In vivo biomarkers in AIT development programs: European implications
An increasing number of clinical trials in AIT have been published underlining both efficacy and safety of AIT as the only disease-modifying treatment option for patients with IgE-mediated respiratory allergic diseases.314 With country-specific exceptions, AIT products are regulated by Authorities such as the European Medicines Agency315 and others on the basis of methodological guidelines.
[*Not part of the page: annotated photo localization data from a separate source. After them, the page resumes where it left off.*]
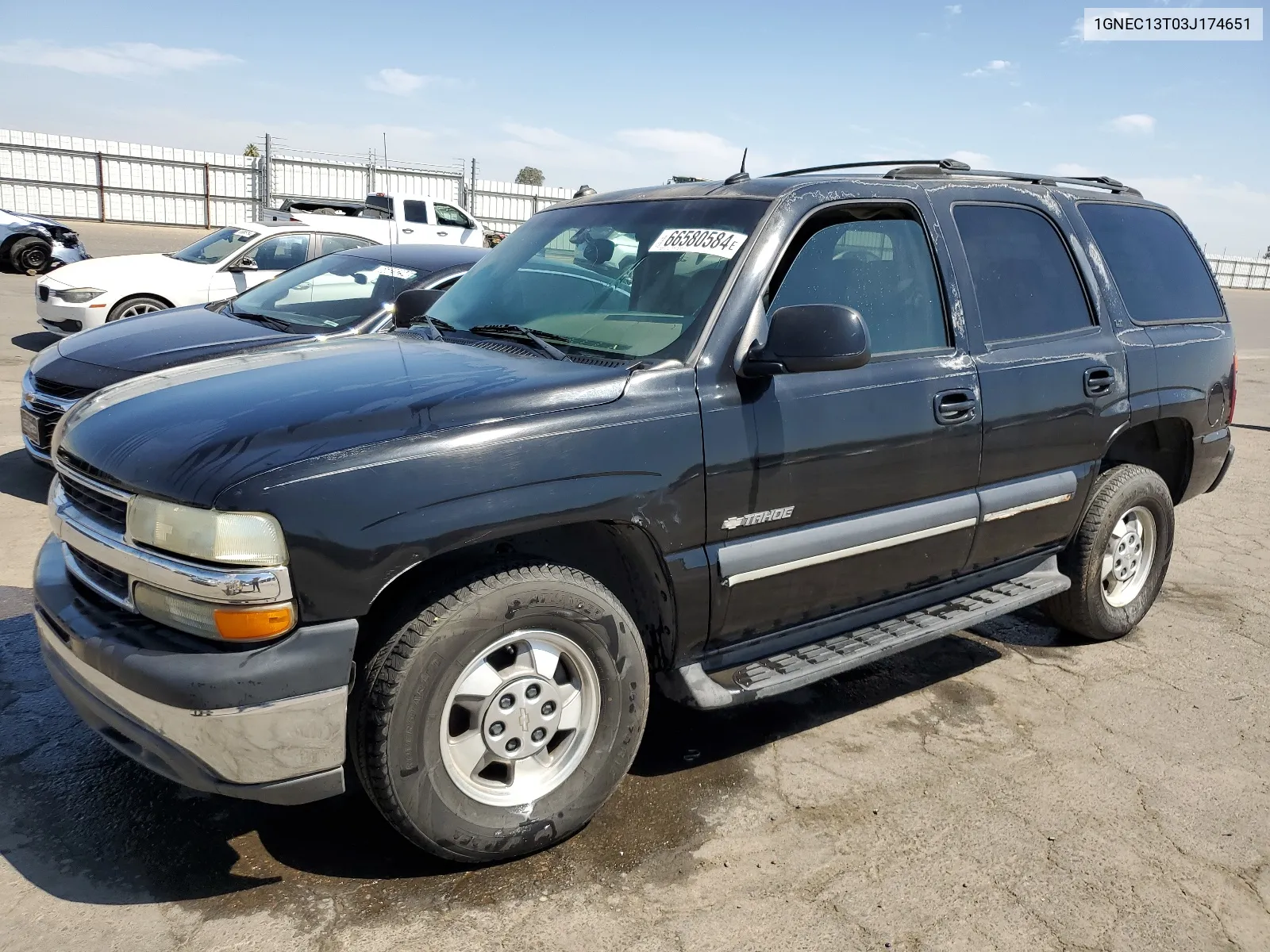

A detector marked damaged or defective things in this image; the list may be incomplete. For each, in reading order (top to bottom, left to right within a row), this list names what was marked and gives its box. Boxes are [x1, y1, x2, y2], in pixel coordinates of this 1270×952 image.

cracked pavement [0, 227, 1264, 949]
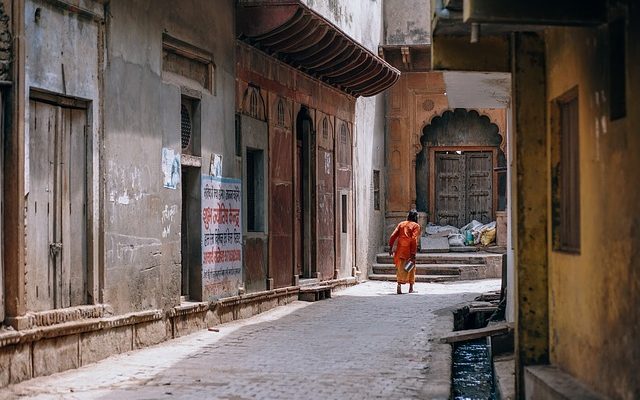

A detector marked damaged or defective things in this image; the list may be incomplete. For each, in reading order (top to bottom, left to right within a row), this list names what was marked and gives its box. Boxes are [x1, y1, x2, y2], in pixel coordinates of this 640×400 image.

peeling paint wall [104, 0, 236, 312]
rusty metal awning [238, 1, 398, 98]
peeling paint wall [384, 0, 430, 45]
peeling paint wall [544, 9, 640, 396]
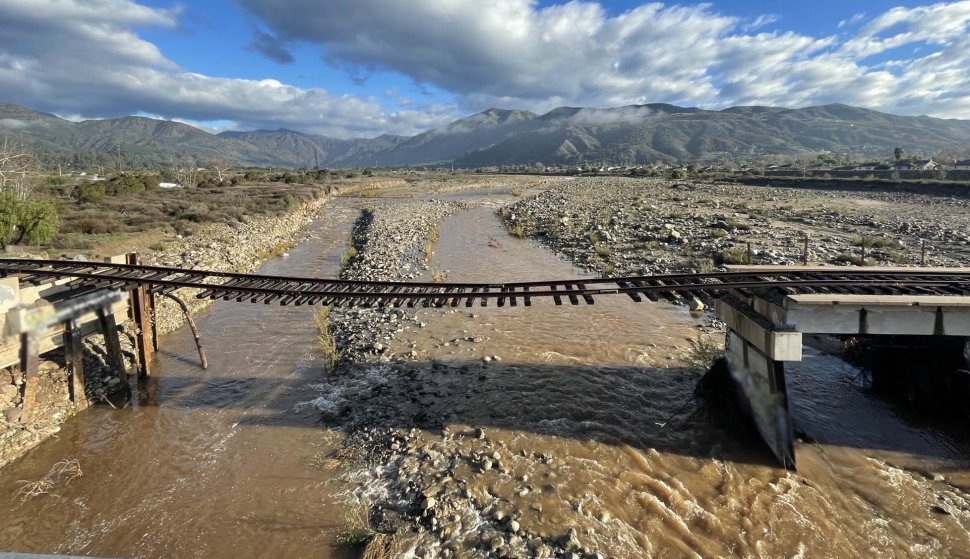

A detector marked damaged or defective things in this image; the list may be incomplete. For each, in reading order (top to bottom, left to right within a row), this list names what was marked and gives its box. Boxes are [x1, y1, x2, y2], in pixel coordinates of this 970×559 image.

rusty metal rail [1, 260, 968, 310]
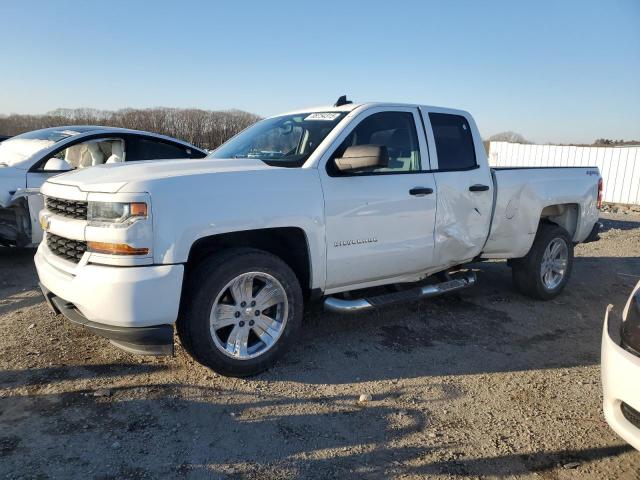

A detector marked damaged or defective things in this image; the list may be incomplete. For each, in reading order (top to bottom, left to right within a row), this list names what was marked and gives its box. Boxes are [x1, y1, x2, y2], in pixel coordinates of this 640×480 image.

damaged white car [0, 126, 205, 246]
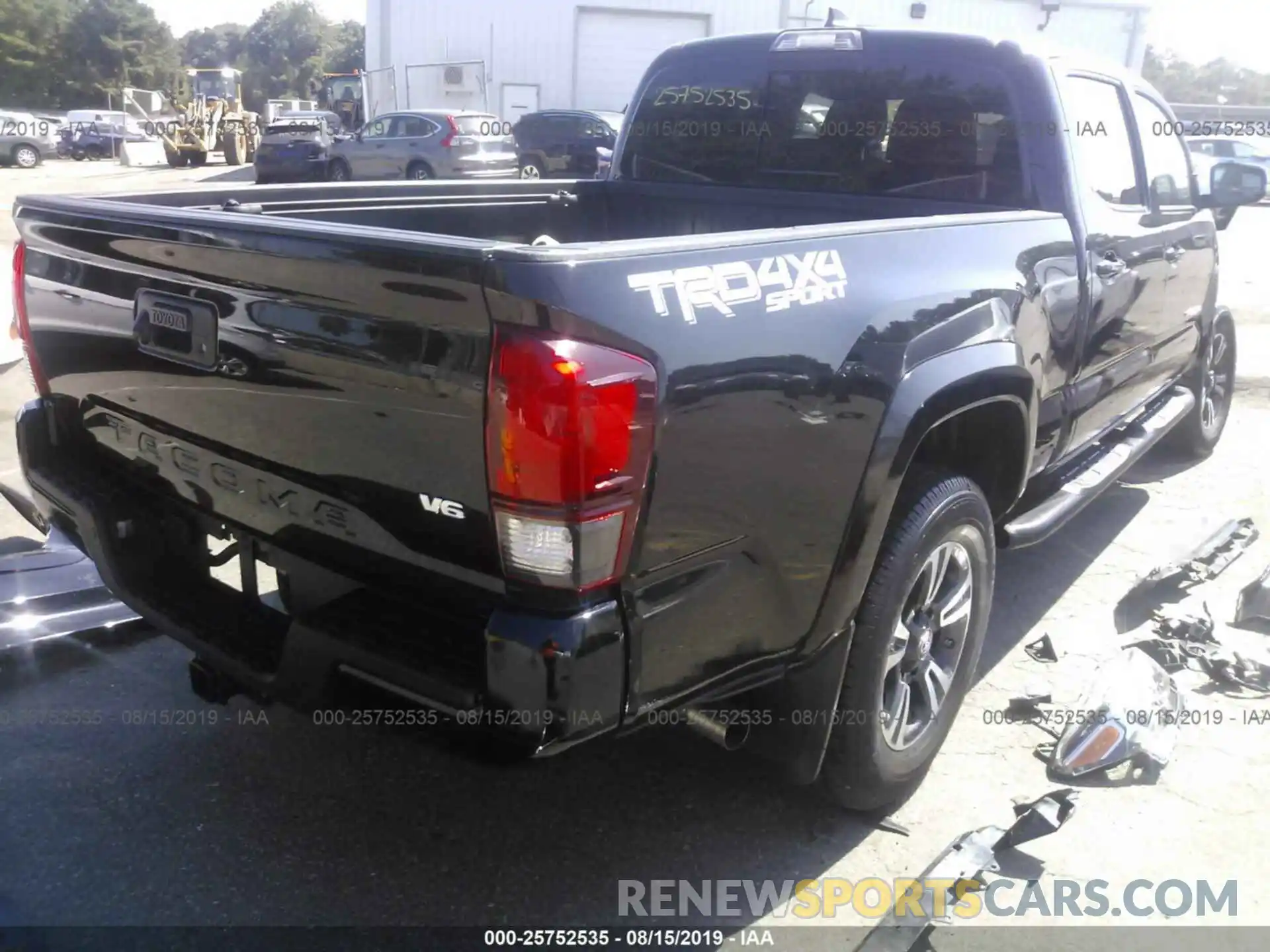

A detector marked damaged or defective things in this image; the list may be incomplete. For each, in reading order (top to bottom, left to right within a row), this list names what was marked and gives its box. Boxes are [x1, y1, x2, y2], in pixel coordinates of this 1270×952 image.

damaged quarter panel [485, 210, 1072, 715]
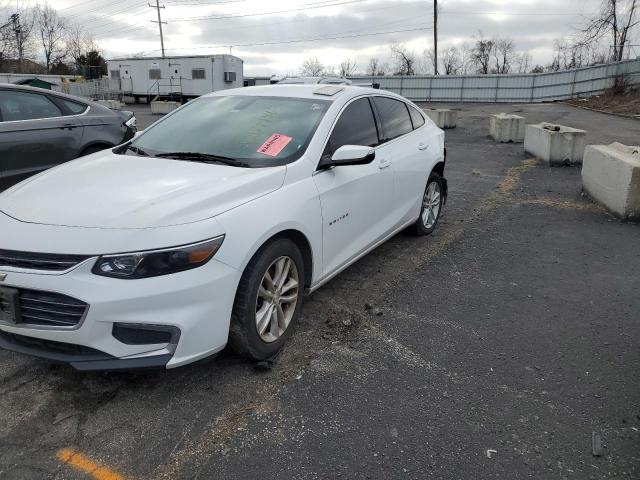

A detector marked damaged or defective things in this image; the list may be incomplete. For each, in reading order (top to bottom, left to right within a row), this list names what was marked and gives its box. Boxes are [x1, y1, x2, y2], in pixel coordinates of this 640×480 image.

cracked asphalt [0, 102, 636, 480]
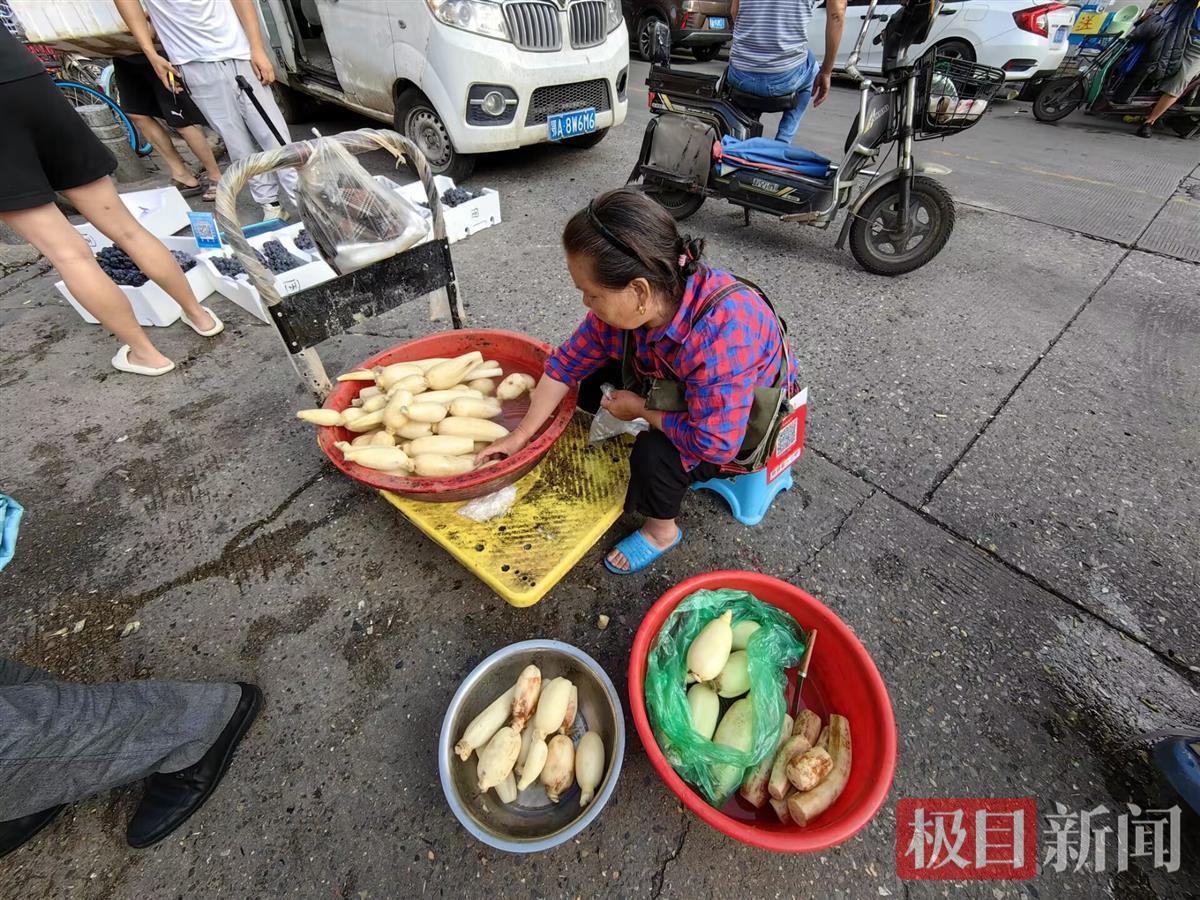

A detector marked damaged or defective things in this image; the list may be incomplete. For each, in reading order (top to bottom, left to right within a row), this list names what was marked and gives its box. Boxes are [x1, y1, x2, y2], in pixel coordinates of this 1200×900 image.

crack in pavement [801, 446, 1200, 691]
crack in pavement [652, 816, 691, 897]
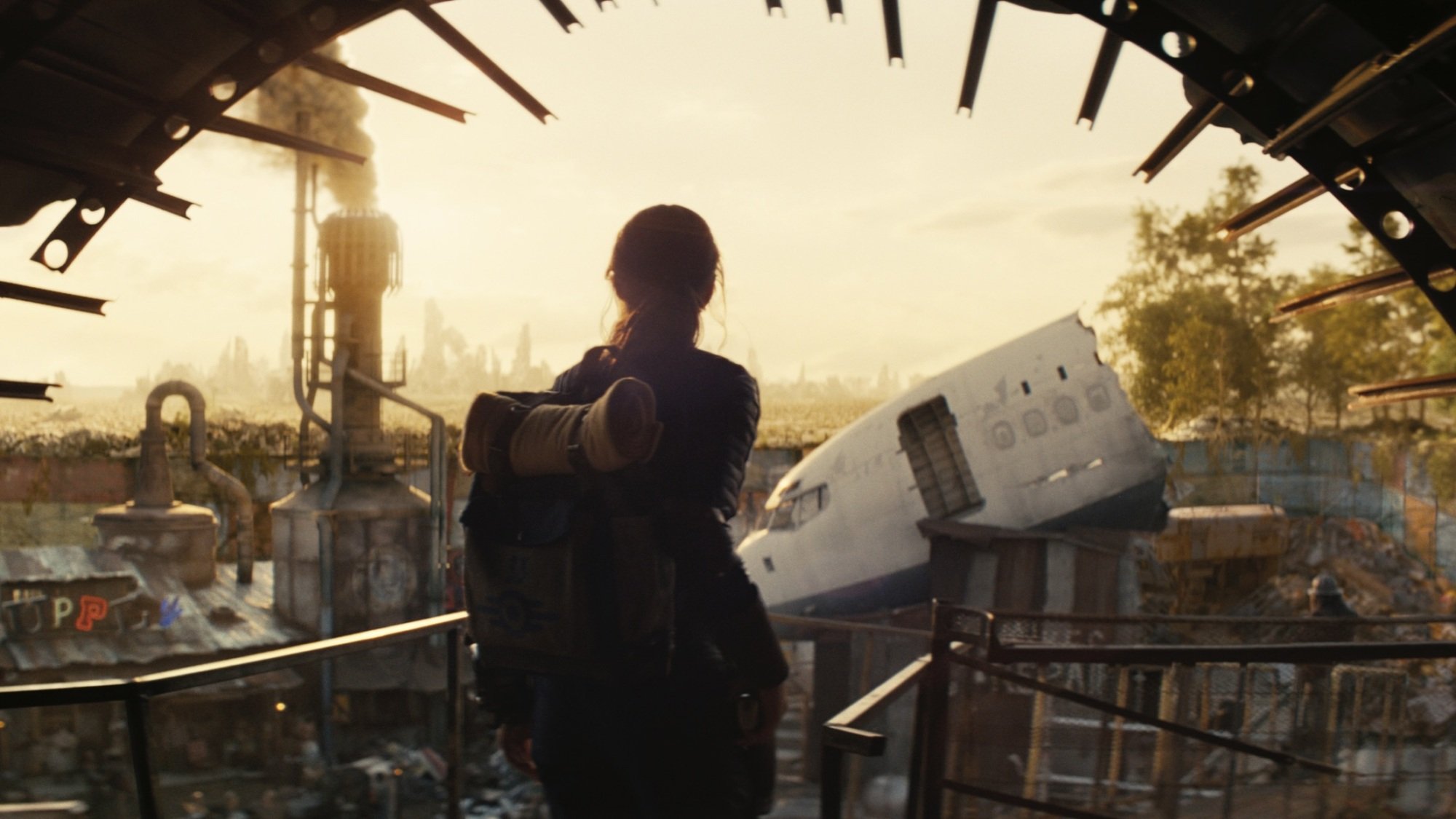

In its guideline “Clinical Development of Products for Specific Immunotherapy for The Treatment of Allergic Diseases315 the European regulatory authority, (European Medicine Agency (EMA)), has provided strict guidance for designing and performing clinical development programs in AIT.101,316 In Germany, these principles were followed in the “Therapy Allergen Ordinance (TAV)“ for future registration of allergens and allergen-mixtures (derived from grass pollen, early flowering trees pollen, house dust mites, and bee and wasp venom) based on the main prevalent respiratory allergies in Germany.317-319 First registrations have been granted fulfilling the TAV demands by the German Paul Ehrlich Institut (PEI).320 Besides, a sufficient body of evidence exists in the clinical documentation of both SLIT and SCIT AIT products.321-323
An important unmet need for further harmonization of methodological principles in AIT study design324 has been followed in a series of Task-force initiatives of the European Academy of Allergy and Clinical Immunology (EAACI)325 as overviewed in the 2019 report of our group.101 As such, position papers and guidelines on allergen-challenge procedures including clear standardization of procedures (SOPs) through the nasal326 or conjunctival327 route has been provided by the EAACI.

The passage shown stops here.